下川裕治「格安エアラインで世界一周」(新潮文庫)

仕事が煮え詰まってきた時の「旅本」逃避という癖が、私にはあって、日常の退屈さと閉塞感を、つかの間紛らわすために、つい手にとって、忙しいのに読みふけってしまい、おまけに旅することを妄想して、精神の平衡を保っているところがある(いざ旅をするとなると、準備やら、チケットやホテルの手配やらで、途中で面倒くさくなってしまうんだけどね)

 そんなときに、よくお世話になっていたのが、下川祐治さんの貧乏旅行記で、タイには行ったことがないのだが、妙な親近感を、この国に覚えるのはそのせいもあるのだが、今回は、世界を股にかけたLCC(ローコストキャリア)の旅である。

構成は

第1章 関空・マニラ
第2章 クラーク空港・クアラルンプール
第3章 シンガポール・バンガロール
第4章 シャルジャ・アレキサンドリア
第5章 アテネ・ロンドン
第6章 ダブリン・ニューヨーク・ロングビーチ

となっている。

関西空港からアジア、アラビア、ヨーロッパまわりで格安航空路線で世界一周をしてしまおうという旅である。(旅の終わりは「ロングビーチ」、つまりアメリカ西海岸になっているが、これはアメリカから日本までの太平洋航路で、LCCが就航していないという理由に過ぎない。)
で、旅の様子は、というと、やはり安旅である。飛行機を使うといっても、そこはLCC、関空ーマニラ間が18,000円、機内食は有料で、カップヌードル100フィリピンペソ(200円ぐらい)がメニューに麗々しく載っているという具合だから、そこは以前の貧乏旅行の延長ではあるのだな、と安心していい。
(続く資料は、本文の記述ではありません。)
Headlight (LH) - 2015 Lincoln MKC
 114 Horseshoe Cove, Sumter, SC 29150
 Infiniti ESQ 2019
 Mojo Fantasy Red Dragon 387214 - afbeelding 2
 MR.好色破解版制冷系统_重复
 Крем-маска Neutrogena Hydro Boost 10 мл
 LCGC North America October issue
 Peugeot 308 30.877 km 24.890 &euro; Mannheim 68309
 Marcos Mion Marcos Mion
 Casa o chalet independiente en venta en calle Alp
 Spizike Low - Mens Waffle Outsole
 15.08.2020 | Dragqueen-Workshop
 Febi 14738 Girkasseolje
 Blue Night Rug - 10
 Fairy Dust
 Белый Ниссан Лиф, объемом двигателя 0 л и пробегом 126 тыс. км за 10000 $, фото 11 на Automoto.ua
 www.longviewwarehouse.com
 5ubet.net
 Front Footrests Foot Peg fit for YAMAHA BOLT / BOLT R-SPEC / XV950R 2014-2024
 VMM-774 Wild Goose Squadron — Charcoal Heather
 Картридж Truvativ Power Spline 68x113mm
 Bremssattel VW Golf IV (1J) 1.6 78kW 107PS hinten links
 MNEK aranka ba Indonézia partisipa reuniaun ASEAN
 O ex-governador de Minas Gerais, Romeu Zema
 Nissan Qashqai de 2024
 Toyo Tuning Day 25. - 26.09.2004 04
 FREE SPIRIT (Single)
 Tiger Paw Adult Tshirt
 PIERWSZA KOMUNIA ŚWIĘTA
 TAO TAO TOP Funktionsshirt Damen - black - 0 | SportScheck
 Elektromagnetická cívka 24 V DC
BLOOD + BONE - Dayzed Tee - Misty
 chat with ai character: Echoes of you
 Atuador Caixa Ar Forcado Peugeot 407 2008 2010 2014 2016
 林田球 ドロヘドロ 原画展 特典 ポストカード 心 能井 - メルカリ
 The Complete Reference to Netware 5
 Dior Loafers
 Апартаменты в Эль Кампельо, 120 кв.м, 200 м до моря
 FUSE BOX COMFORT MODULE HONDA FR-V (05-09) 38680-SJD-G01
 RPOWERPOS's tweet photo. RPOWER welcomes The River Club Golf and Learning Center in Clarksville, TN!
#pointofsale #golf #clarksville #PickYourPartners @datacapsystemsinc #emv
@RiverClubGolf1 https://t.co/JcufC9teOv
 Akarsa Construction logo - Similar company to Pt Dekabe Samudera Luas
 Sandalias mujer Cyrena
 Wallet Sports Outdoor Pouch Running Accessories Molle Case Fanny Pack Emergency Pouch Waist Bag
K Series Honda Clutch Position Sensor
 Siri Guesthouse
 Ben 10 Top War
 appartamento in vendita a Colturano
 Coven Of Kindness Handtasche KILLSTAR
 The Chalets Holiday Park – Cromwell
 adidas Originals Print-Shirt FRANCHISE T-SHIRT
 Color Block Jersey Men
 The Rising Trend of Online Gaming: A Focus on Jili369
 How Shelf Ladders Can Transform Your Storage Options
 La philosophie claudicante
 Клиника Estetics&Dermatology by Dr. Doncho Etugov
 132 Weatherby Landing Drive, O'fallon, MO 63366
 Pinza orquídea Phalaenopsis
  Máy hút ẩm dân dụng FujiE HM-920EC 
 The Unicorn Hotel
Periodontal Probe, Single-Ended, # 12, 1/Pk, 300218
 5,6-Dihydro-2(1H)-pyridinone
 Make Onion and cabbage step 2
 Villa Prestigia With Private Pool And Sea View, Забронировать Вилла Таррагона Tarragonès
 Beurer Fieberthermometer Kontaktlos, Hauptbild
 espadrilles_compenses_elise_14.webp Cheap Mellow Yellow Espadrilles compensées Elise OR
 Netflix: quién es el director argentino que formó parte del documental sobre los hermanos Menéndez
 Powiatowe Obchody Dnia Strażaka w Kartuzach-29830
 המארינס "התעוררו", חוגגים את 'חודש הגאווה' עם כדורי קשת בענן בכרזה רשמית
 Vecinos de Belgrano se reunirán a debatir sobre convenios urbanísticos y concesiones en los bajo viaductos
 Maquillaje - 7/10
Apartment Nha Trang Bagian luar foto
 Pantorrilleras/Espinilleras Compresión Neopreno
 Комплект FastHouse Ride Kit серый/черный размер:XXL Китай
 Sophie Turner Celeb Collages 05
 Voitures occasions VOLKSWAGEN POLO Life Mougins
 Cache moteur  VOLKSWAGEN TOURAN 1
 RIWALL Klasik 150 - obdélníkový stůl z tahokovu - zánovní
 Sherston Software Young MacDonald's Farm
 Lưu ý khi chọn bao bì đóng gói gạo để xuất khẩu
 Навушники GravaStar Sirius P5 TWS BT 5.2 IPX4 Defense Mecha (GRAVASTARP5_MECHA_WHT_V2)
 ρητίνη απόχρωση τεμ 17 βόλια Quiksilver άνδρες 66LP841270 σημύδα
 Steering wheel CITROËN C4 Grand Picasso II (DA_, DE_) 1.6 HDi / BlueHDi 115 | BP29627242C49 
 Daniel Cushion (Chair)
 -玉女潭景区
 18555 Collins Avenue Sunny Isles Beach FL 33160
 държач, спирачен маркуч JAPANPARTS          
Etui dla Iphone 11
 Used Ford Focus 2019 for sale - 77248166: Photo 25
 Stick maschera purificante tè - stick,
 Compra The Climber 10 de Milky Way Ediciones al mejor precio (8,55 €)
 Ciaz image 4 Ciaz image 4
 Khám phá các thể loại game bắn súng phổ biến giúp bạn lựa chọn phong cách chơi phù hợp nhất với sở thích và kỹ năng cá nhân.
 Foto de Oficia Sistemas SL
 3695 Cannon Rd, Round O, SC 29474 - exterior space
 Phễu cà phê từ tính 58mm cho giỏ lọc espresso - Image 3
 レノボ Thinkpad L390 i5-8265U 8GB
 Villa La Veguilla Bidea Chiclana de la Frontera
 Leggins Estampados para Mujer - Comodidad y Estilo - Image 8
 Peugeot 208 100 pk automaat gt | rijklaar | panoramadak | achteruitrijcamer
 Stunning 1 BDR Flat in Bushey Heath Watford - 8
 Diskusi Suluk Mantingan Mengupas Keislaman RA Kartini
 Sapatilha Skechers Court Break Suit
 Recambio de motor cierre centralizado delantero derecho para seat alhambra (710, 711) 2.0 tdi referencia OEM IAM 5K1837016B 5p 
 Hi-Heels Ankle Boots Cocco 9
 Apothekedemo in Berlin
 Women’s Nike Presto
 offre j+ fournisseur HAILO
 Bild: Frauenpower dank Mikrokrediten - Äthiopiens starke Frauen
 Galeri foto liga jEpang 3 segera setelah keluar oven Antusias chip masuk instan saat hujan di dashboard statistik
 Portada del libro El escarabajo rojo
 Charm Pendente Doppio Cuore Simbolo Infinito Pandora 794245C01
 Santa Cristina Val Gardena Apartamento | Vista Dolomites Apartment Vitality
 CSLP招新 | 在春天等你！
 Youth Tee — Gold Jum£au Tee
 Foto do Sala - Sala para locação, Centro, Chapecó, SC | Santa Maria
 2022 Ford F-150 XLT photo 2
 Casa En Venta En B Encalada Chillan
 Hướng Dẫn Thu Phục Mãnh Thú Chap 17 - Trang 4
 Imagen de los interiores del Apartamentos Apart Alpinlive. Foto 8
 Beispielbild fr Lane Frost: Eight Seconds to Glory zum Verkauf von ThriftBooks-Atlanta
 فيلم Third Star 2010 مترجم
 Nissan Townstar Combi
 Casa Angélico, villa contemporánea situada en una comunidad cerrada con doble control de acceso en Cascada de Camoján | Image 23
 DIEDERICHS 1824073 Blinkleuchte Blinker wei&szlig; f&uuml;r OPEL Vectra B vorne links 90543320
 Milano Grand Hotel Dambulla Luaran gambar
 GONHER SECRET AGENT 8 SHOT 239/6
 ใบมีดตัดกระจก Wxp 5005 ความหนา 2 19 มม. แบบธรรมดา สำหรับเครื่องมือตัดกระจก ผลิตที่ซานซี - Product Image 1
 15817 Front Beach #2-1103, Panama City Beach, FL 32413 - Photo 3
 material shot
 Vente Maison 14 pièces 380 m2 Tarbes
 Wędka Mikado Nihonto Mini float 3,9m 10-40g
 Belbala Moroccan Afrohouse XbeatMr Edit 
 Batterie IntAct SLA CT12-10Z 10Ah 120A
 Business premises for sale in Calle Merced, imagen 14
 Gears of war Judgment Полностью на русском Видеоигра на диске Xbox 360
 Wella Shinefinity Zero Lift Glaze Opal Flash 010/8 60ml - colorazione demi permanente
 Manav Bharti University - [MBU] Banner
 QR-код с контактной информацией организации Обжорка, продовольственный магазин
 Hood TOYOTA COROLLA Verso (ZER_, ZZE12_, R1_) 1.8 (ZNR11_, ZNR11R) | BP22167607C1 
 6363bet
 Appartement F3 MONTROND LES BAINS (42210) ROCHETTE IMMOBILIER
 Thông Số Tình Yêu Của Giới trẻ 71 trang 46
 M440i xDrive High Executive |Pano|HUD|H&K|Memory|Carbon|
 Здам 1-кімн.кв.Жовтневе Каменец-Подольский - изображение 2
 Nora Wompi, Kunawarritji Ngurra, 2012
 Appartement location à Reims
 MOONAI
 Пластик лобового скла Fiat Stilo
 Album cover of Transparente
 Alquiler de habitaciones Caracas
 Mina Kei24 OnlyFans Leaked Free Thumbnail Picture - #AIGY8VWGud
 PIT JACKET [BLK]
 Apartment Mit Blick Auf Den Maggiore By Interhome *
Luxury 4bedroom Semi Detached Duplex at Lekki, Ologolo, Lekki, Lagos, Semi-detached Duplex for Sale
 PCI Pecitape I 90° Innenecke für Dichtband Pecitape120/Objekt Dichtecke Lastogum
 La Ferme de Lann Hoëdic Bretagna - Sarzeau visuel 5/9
ただ、まったく今までの貧乏旅行と同じかというと、そうではない。
LCCの空港が、その国のメインの国際空港とは違ったところに就航していて乗り換えにやたら苦労したり、メインの空港ではあっても搭乗口はやけに遠かったりとか、、手間がかかる点はあったり、格安の航空路線で、ドバイなどの産油国への国際的な出稼ぎ労働者が使う路線であたりといった、貧乏旅行らしい風情は漂うのだが、今までのバスや鉄道を使った貧乏旅行とは違う雰囲気が漂っているのは間違いない。

それは、なんといっても現地の人や現地の風景・風土との関わり合いの薄さということなのだろう。当然、現地に宿泊はそ、食事もしているのだが、異国での濃密な滞在感覚というものは、なぜか伝わってこない。世界一周のたびという性格から短期間で世界を回るという制約があり、現地への滞在時間は少なくならざるをえないのは間違いないのだが、旅の移動の手段として「空港」というある意味、「よそゆき」の場所を使わざるをえない。おまけに、移動中の特別なエピソードは、およそ発生しない、という航空機の旅のもつ性格ゆえのものもあるのだろう。どことなしか、点と点を移動しているという印象が強い「旅行記」で、やれ、現地でボラれただの、地理不案内のため、妙なところに彷徨いこんでしまったといったエピソードは期待しないほうがいい。

ただ、まあLCCによる貧乏旅行というのも、これからの「旅」の一つであるのは間違いなくて、これからは「移動」そのものの旅行記ではなく、「滞在」あるいは「沈没」ということが旅行記が主流になるのかな、と思わせた一冊である。